* THE PROBLEM *
Only the lines from the start of the data below through the line that contains "British Guiana Sg335" are to be copied, exactly and without pictures.

+++ DATA SUPPLIED

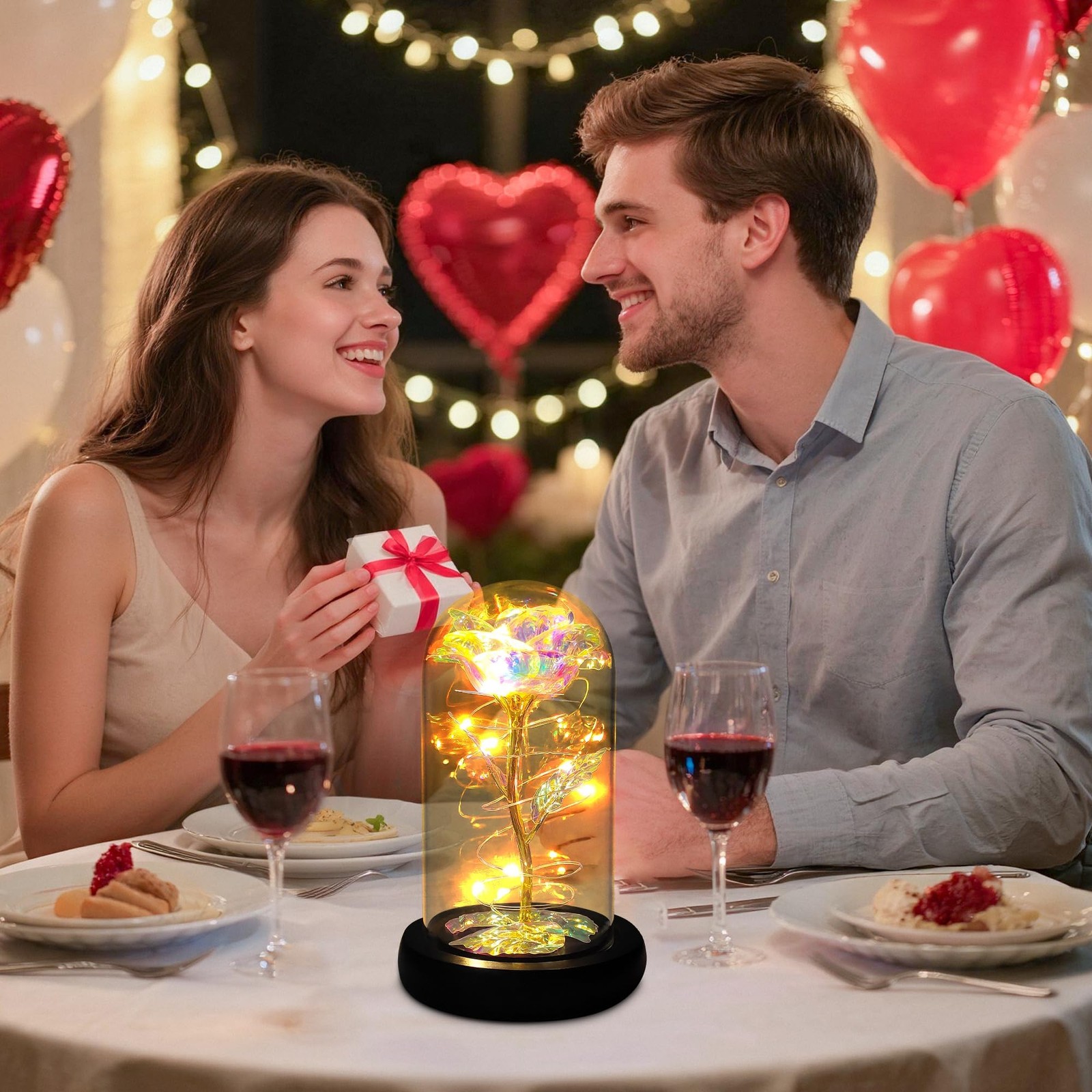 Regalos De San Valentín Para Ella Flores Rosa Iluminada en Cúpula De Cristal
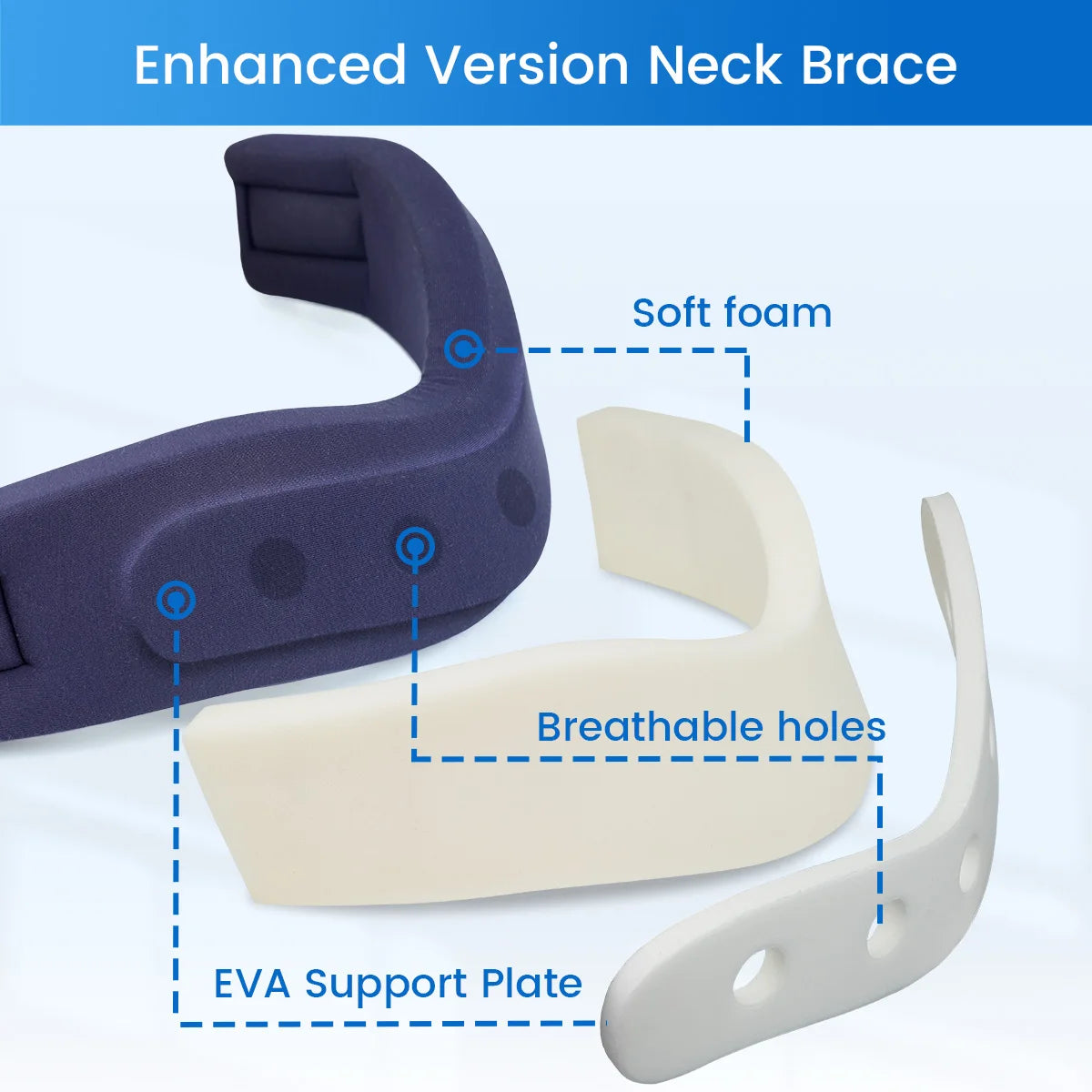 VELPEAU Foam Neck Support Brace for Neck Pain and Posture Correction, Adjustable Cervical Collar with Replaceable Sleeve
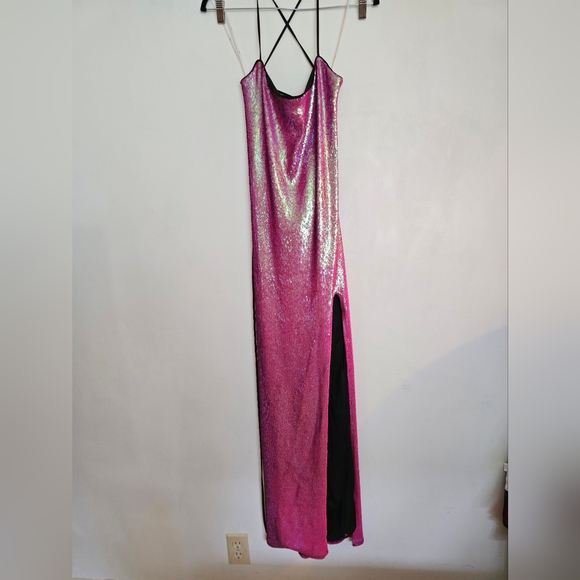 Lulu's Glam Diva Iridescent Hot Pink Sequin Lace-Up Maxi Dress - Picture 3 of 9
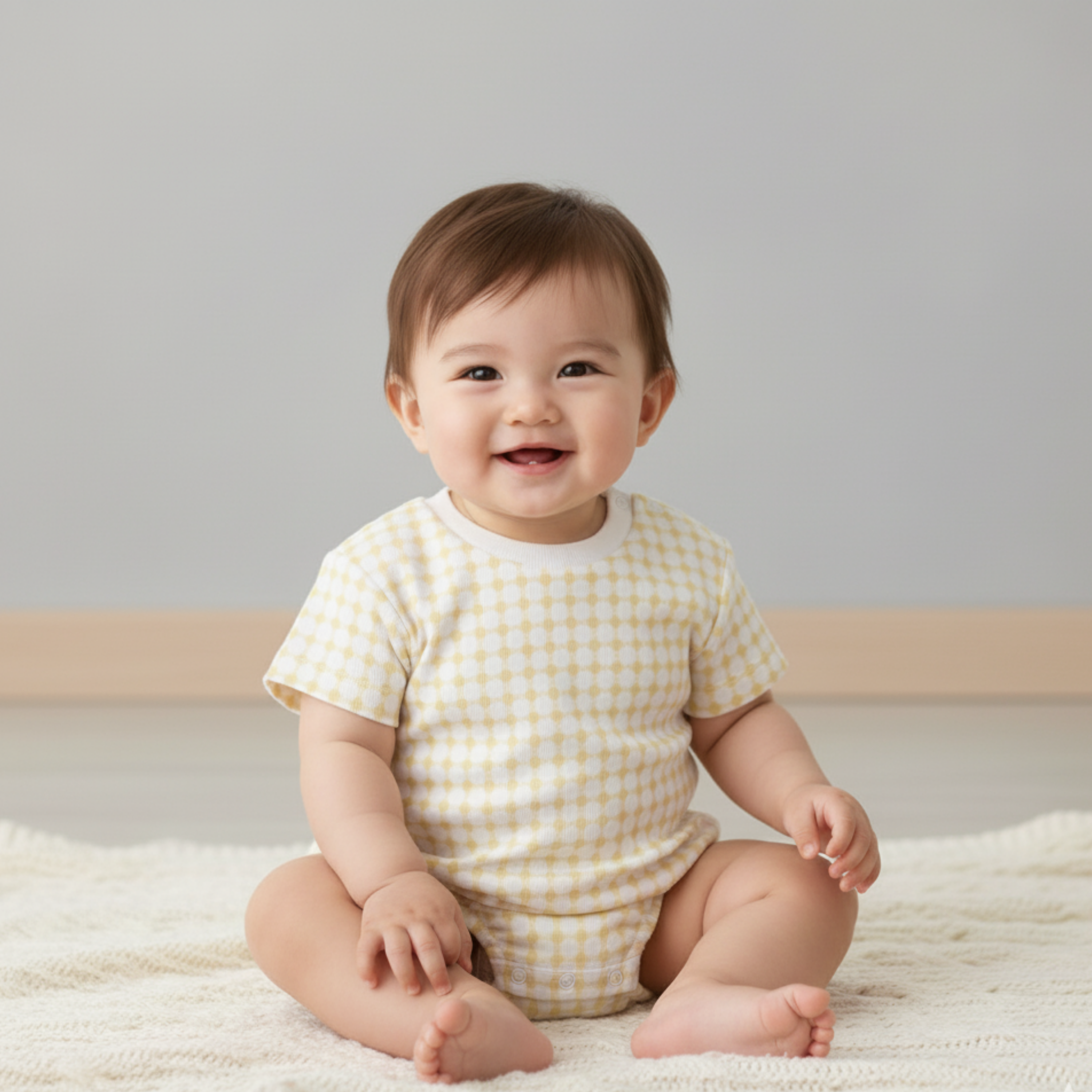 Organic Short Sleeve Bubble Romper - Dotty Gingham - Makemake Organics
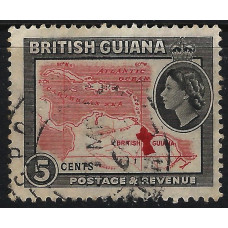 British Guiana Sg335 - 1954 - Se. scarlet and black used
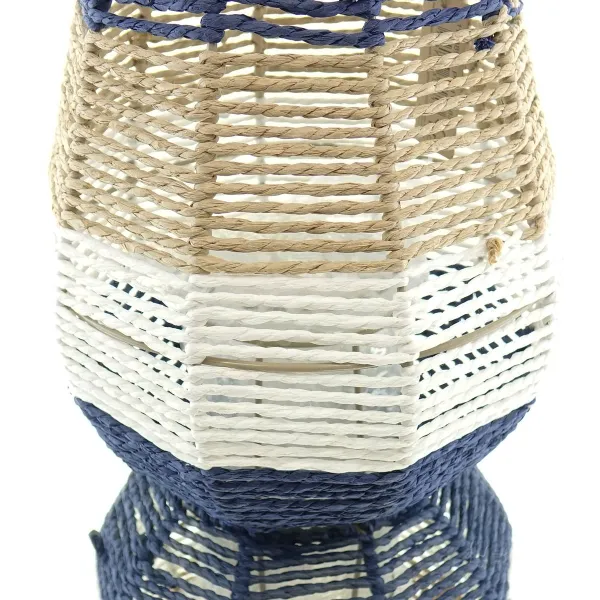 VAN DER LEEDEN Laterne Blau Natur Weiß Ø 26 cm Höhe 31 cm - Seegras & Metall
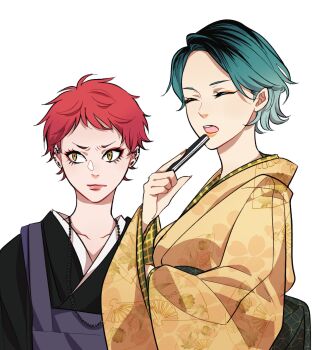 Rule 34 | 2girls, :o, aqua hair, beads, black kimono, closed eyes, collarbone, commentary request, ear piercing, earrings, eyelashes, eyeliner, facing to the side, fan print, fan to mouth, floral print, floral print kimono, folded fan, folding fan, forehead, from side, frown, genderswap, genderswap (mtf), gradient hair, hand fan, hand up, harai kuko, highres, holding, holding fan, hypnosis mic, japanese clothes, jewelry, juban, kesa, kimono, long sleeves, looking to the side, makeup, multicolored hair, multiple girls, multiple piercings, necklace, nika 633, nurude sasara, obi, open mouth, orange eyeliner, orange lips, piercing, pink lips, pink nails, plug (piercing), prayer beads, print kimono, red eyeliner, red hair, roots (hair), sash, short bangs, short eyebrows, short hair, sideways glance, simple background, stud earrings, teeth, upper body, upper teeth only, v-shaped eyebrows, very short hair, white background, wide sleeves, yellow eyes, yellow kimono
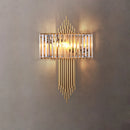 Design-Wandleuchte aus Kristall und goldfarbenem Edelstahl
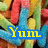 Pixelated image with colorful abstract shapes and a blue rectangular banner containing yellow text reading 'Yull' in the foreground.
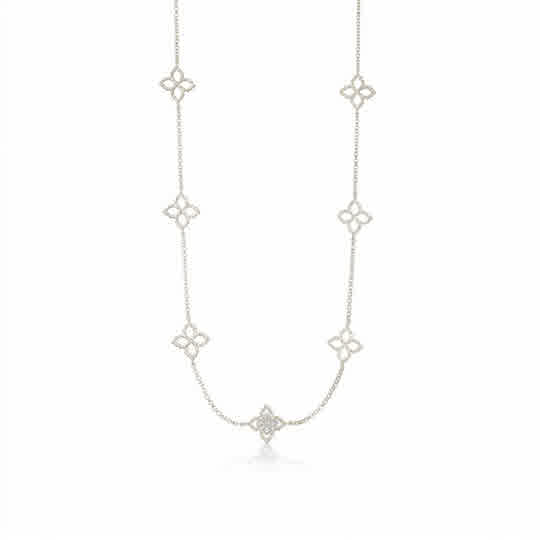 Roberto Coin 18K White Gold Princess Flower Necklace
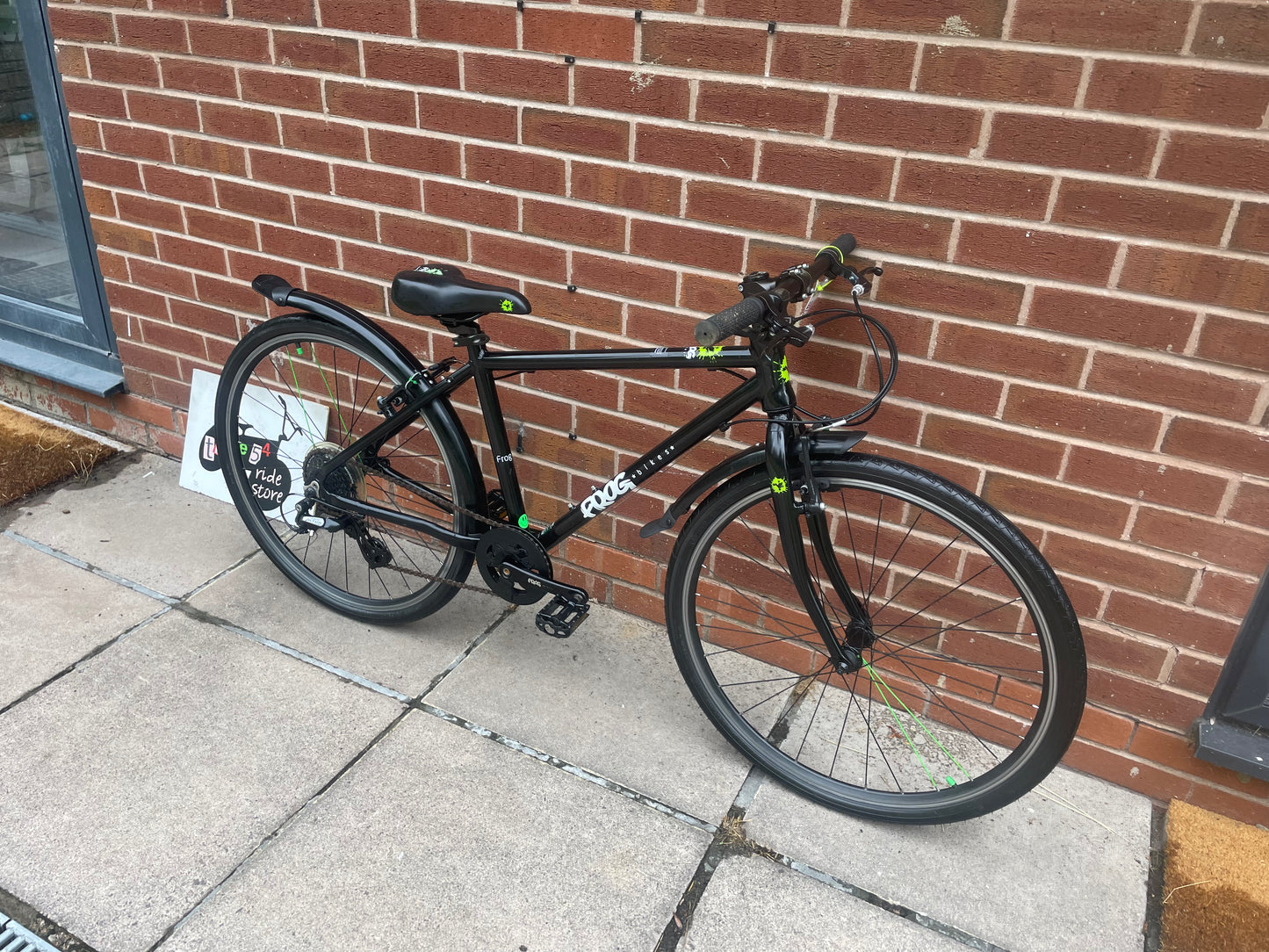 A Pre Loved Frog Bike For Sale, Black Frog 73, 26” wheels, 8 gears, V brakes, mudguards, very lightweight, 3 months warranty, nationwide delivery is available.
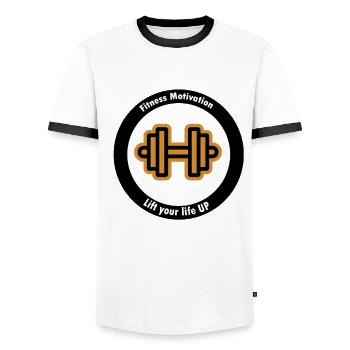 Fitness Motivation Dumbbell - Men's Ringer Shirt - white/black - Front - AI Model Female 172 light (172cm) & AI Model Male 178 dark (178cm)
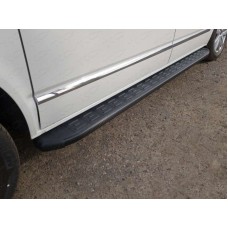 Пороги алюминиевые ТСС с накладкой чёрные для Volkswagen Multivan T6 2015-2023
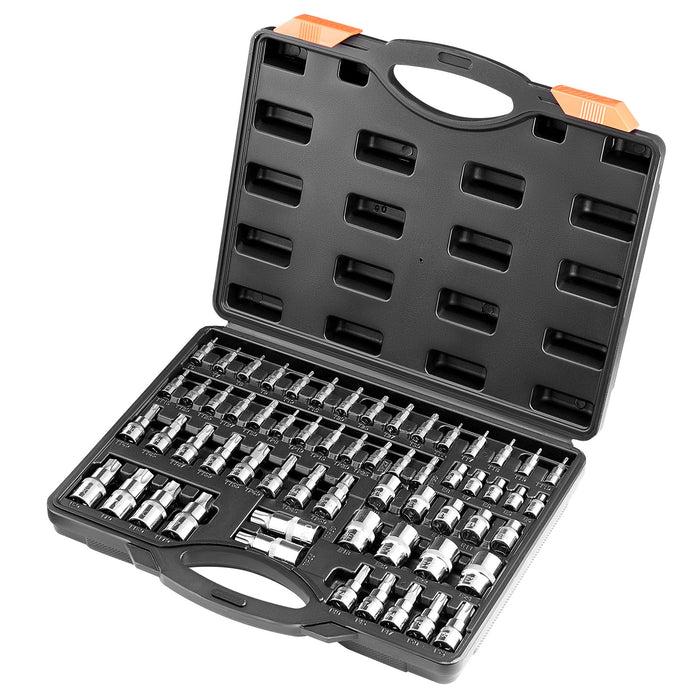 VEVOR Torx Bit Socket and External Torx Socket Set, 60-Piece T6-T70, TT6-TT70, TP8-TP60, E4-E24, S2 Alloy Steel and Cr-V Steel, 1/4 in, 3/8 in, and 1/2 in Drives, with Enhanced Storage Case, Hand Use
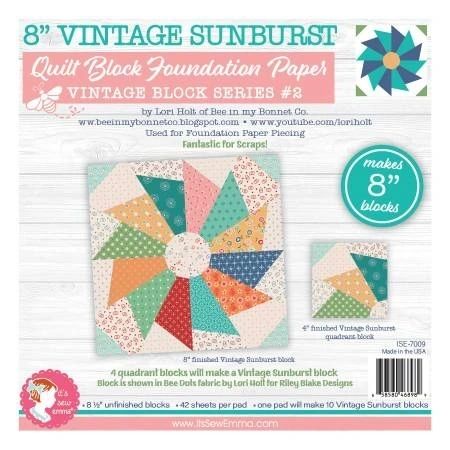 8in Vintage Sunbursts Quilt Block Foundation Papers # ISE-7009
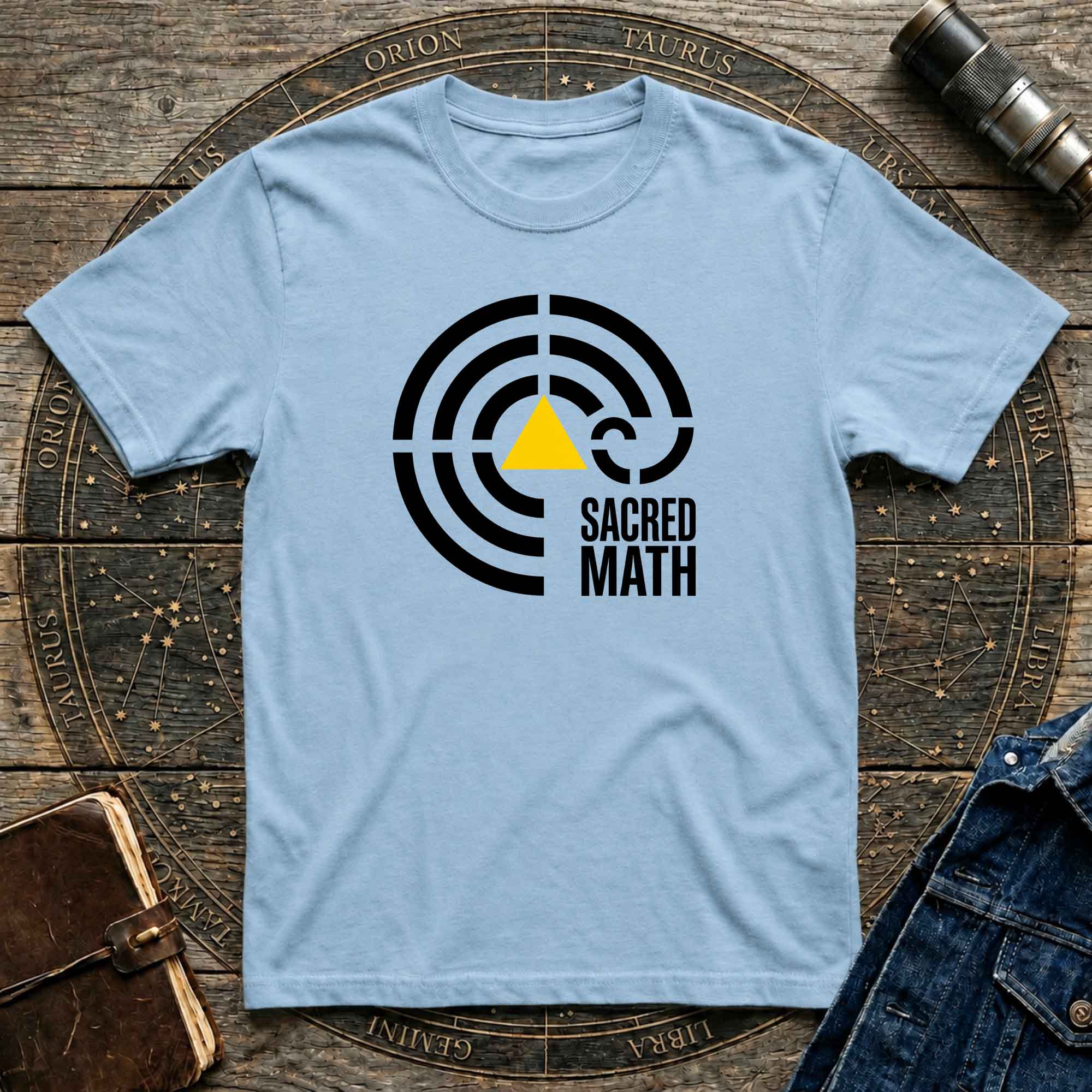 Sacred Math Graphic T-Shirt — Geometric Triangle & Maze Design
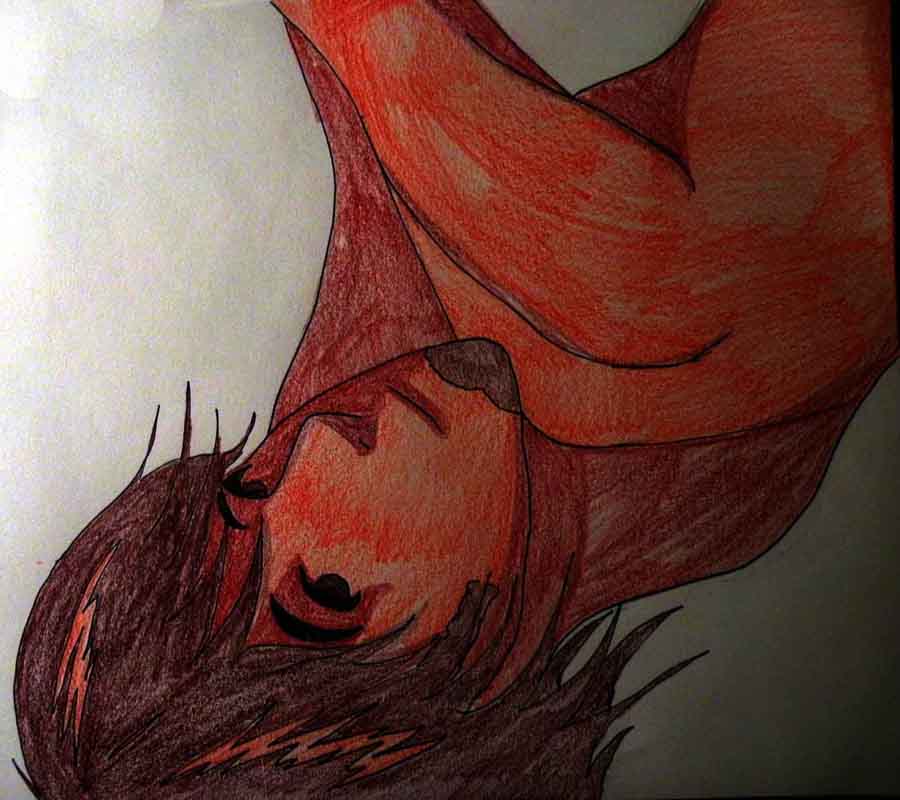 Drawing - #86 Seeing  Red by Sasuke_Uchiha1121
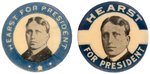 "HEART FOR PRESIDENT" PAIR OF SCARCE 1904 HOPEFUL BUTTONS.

++++++

* SOLUTION *
 Regalos De San Valentín Para Ella Flores Rosa Iluminada en Cúpula De Cristal
 VELPEAU Foam Neck Support Brace for Neck Pain and Posture Correction, Adjustable Cervical Collar with Replaceable Sleeve
 Lulu's Glam Diva Iridescent Hot Pink Sequin Lace-Up Maxi Dress - Picture 3 of 9
 Organic Short Sleeve Bubble Romper - Dotty Gingham - Makemake Organics
 British Guiana Sg335 - 1954 - Se. scarlet and black used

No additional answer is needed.